## What the task requires
Everything from the line that has "used Equipment /" to the last line of the listing must be repeated exactly, and nothing more; omit the pictures.

## Dataset extract
--- START ---
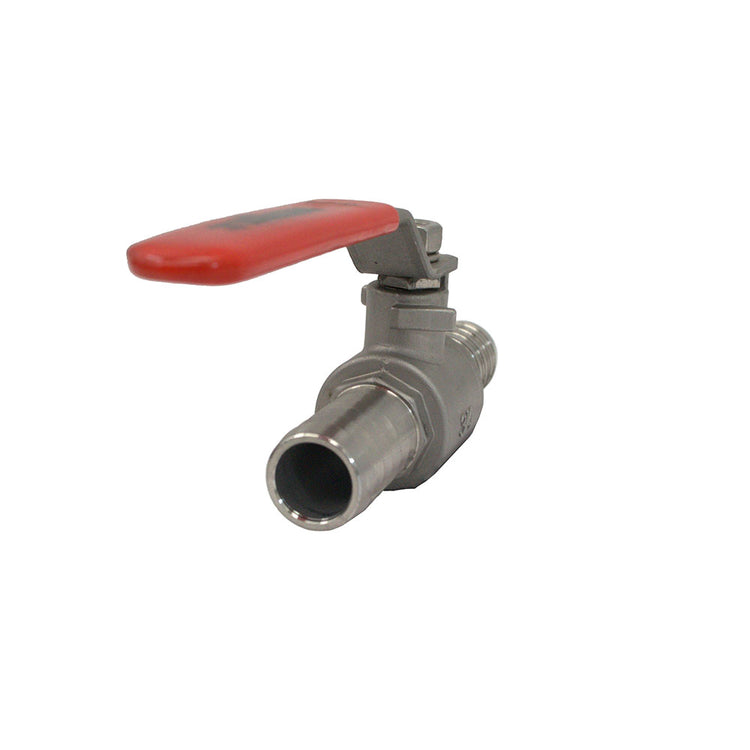 Insert Stainless Steel Ball Valve – Full Port, 304 Stainless Steel | SSVI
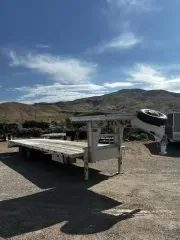 used Equipment / Flatbed Trailers Titan Trailers  for sale, in Culdesac, ID Thumbnail 4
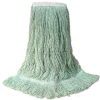 O'Dell Echoshine® Pet/Rayon Recycled Finish Mop 1700M - Medium, Pack Qty 12 - Pkg Qty 12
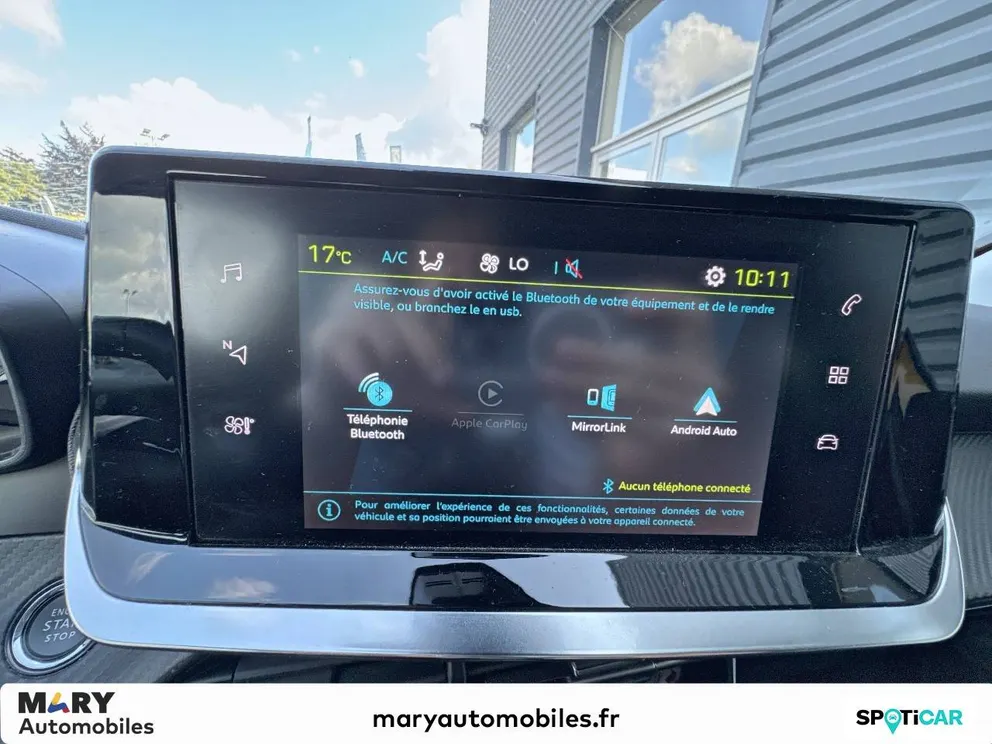 Véhicule occasion 187960 - peugeot 208 - Photo 12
--- END ---
## Result of the task
 used Equipment / Flatbed Trailers Titan Trailers  for sale, in Culdesac, ID Thumbnail 4
 O'Dell Echoshine® Pet/Rayon Recycled Finish Mop 1700M - Medium, Pack Qty 12 - Pkg Qty 12
 Véhicule occasion 187960 - peugeot 208 - Photo 12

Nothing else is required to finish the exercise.